Cedar Rapids mayor Tiffany O’Donnell gauges UNI-CUE opportunities

Cedar Rapids mayor Tiffany O’Donnell gauges UNI-CUE opportunities

Left to right: Provost José Herrera, Cedar Rapids Mayor Tiffany O'Donnell, Denita Gadson, Robert Smith

UNI-CUE staff meets with Mayor Tiffany O'Donnell

 

The University of Northern Iowa's Center for Urban Education, or UNI-CUE, recently launched a new Educational Talent Search program in six schools in the Cedar Rapids School District. Federal funding for the program will serve 500 students over a five-year period.

On Thursday, Cedar Rapids Mayor Tiffany O'Donnell visited UNI-CUE to learn more about this special partnership and UNI-CUE's role in helping first generation and low-income students envision their possibilities after high school, continue educational goals and prepare for careers.

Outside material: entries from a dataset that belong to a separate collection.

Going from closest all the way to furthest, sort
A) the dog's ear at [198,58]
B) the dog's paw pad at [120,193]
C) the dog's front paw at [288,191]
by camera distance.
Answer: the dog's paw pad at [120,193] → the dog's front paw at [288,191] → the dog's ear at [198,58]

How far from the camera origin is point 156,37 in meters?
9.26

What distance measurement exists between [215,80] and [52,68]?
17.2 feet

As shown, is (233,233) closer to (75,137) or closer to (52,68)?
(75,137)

“It's really powerful for a young person to feel a part of a higher level academic institution,” said O’Donnell. “When you've already been there before, it's not a real stretch to try and get there. So anytime we can shift paradigms for what's possible for our young people, I think that's a win.”

Although Educational Talent Search has only existed in Cedar Rapids for two years, UNI-CUE itself has a long history of advocating for lifelong learning.

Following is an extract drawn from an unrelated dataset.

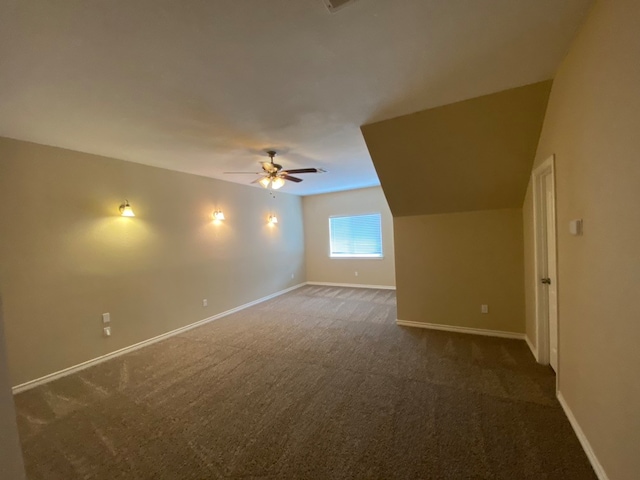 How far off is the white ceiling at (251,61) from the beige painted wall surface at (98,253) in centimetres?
62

“It’s critical that we’re setting up all our citizens for success, and that’s what this program has done since 1969, which I think is incredible,” said O’Donnell. “UNI-CUE sets up all our students for success, whether that’s by support through tutoring, mentoring, ACT prep, internships, Upward Bound Programming — it seems as though they’ve found many ways to reach students from all different backgrounds.”

“I am so ecstatic that today we had Mayor O’Donnell here because TRIO is really about relationships,” said Denita Gadson, director of Educational Talent Search Cedar Rapids. “We cannot succeed unless we have relationships with the students, relationships with the parents, relationships with community partners, relationships with our private partners. There's an ecosystem going on there, that we are focused on that one student but then that one student is a part of a larger community, family, a larger community broader.”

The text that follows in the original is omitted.